Select a project: Selecting a project doesn't require a specific IAM role—you can select any project that you've been granted a role on.
Create a project: To create a project, you need the Project Creator (roles/resourcemanager.projectCreator), which contains the resourcemanager.projects.create permission. Learn how to grant roles.

Go to project selector

Verify that billing is enabled for your Google Cloud project.

Enable the Managed Kafka API.

Roles required to enable APIs

To enable APIs, you need the Service Usage Admin IAM role (roles/serviceusage.serviceUsageAdmin), which contains the serviceusage.services.enable permission. Learn how to grant roles.

Enable the API

In the Google Cloud console, on the project selector page, select or create a Google Cloud project.

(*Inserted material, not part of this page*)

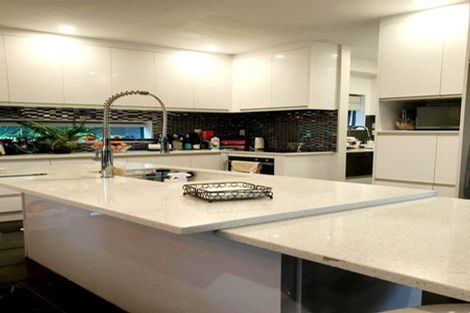 Photo of property in 37 Newington Road, Henderson, Auckland, 0612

Roles required to select or create a project

Select a project: Selecting a project doesn't require a specific IAM role—you can select any project that you've been granted a role on.
Create a project: To create a project, you need the Project Creator (roles/resourcemanager.projectCreator), which contains the resourcemanager.projects.create permission. Learn how to grant roles.

Go to project selector

Verify that billing is enabled for your Google Cloud project.

Enable the Managed Kafka API.

Roles required to enable APIs

To enable APIs, you need the Service Usage Admin IAM role (roles/serviceusage.serviceUsageAdmin), which contains the serviceusage.services.enable permission. Learn how to grant roles.

Enable the API

Make sure that you have the following role or roles on the project: Managed Kafka Cluster Editor, Managed Kafka Connect Cluster Editor, Managed Kafka Connector Editor
Check for the roles
1. In the Google Cloud console, go to the IAM page.
  Go to IAM
2. Select the project.
3. In the Principal column, find all rows that identify you or a group that you're included in. To learn which groups you're included in, contact your administrator.
4. For all rows that specify or include you, check the Role column to see whether the list of roles includes the required roles.
Grant the roles
1. In the Google Cloud console, go to the IAM page.
  Go to IAM
2. Select the project.
3. Click Grant access.
4. In the New principals field, enter your user identifier. This is typically the email address for a Google Account.
5. In the Select a role list, select a role.
6. To grant additional roles, click Add another role and add each additional role.
7. Click Save.

gcloud

Install the Google Cloud CLI.

If you're using an external identity provider (IdP), you must first sign in to the gcloud CLI with your federated identity.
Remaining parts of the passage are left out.